A menudo se sitúa el origen de la crisis ecológica señalando los hábitos de consumo vinculados a la riqueza. Se insiste en que el 10% más rico de la población mundial es responsable del 50% de las emisiones globales. Siendo cierto, la gente que vive en los barrios más pobres de Barcelona, Madrid o Bilbao también forman parte de ese club exclusivo. La cuestión es que ese modo de vida de la clase trabajadora del Norte Global no responde a preferencias individuales, sino a factores estructurales. Nadie viaja 80 km en coche cada mañana para ir a trabajar porque lo desee. Nadie goza gastando el 90% de sus ingresos en subsistir. Nadie que habitualmente compra chuletas de cerdo baratas es responsable del acaparamiento de tierras en Brasil para producir la soja que alimenta a los cerdos, ni de la explotación de trabajo migrante en los mataderos de Osona, ni del maltrato animal en las macrogranjas de Alcarràs ni tampoco de la contaminación de los acuíferos. La verdad incómoda de la crisis ecológica no es que haya gente que malvive y al mismo tiempo contamina, sino que hay una mayoría social que no tiene ningún control sobre las condiciones ecológicas de su propia existencia. Mientras, otros acaparan y explotan a su antojo los recursos, organizando el trabajo, la energía y el territorio bajo intereses capitalistas.

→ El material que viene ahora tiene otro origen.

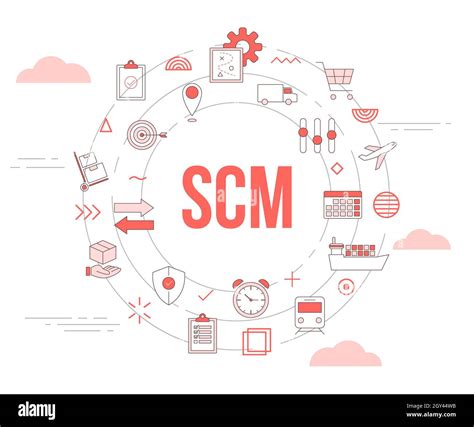 Scm Supply Chain Management Concept With Icon Set Template Banner And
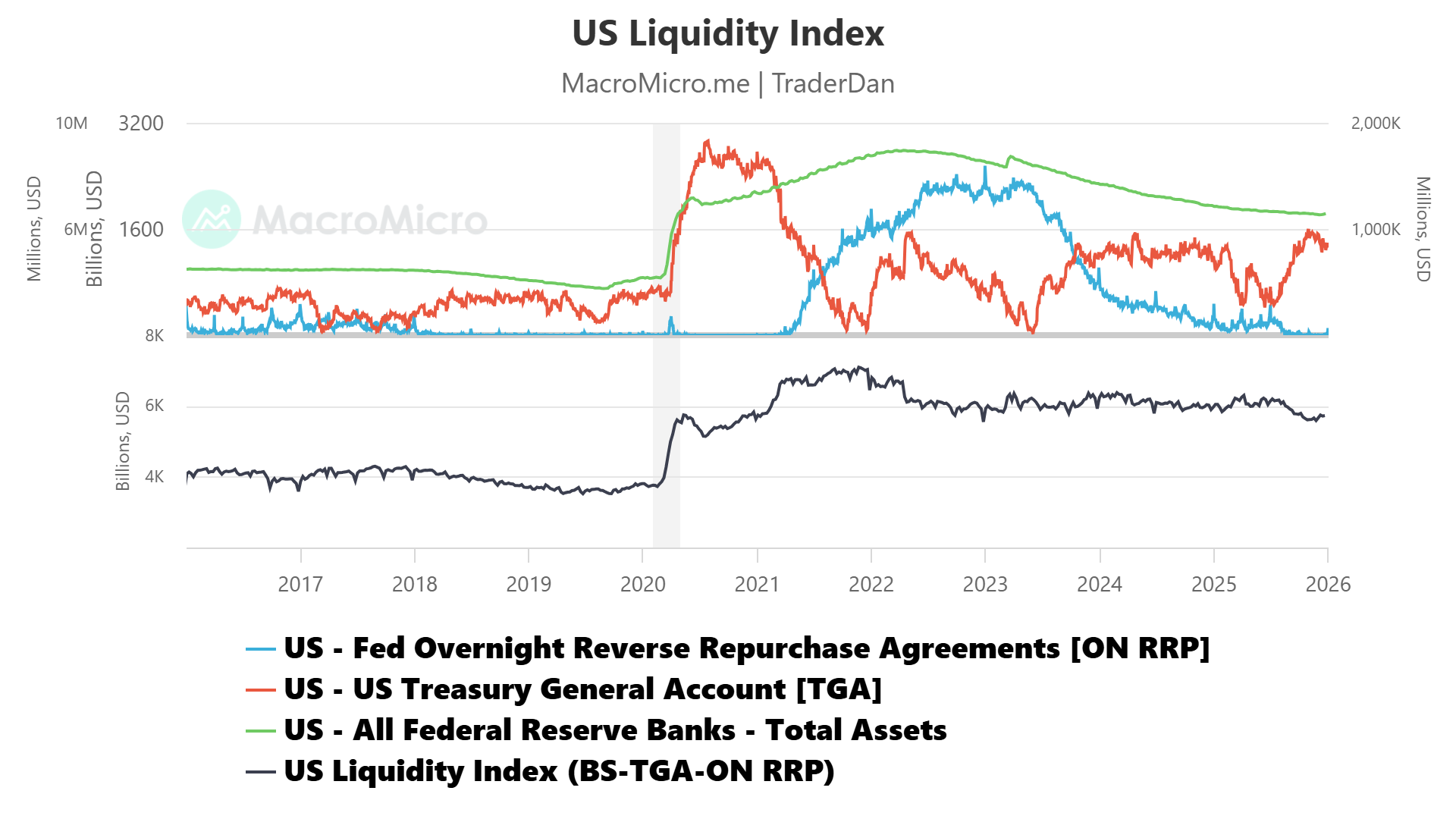 January 2026 Macro & Markets Report — Liquidity Shift Regime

Los propietarios del capital
En la Región Metropolitana de Barcelona viven 5,7 millones de personas y está formada por un total de 164 municipios. Eso supone un 68% de la población catalana viviendo en un 10% del territorio. Esta región incluye una de las áreas metropolitanas más pobladas de Europa, siendo también una de las más contaminadas a causa de la gran concentración de vehículos motorizados y de la actividad del Puerto de Barcelona. Es un metabolismo abierto, muy dependiente del exterior y del combustible fósil, con una acelerada pérdida de soberanía energética (incluyendo los alimentos) y con una arquitectura público-privada que ha solidificado ese modelo. En esta región, el consumo doméstico es el tercer sector que más CO2 emite por detrás de los servicios y del transporte, pero en la mayoría de los casos es una actividad dedicada a la pura subsistencia. El 43% de los hogares de toda el área metropolitana están por debajo del presupuesto necesario para cubrir necesidades básicas. Un cuarto de la población está en riesgo de exclusión social y una de cada cinco personas trabajadoras está en situación de pobreza. Sin embargo, se insiste en que la población con menos ingresos cuadruplica el volumen de emisiones compatible con no superar los 1,5°C respecto a los niveles preindustriales. El resultado son vidas que no llegan a fin de mes y que son señaladas como responsables del fin del mundo. La obsesión por asociar crisis ecológica y consumo lleva a este tipo de callejones sin salida.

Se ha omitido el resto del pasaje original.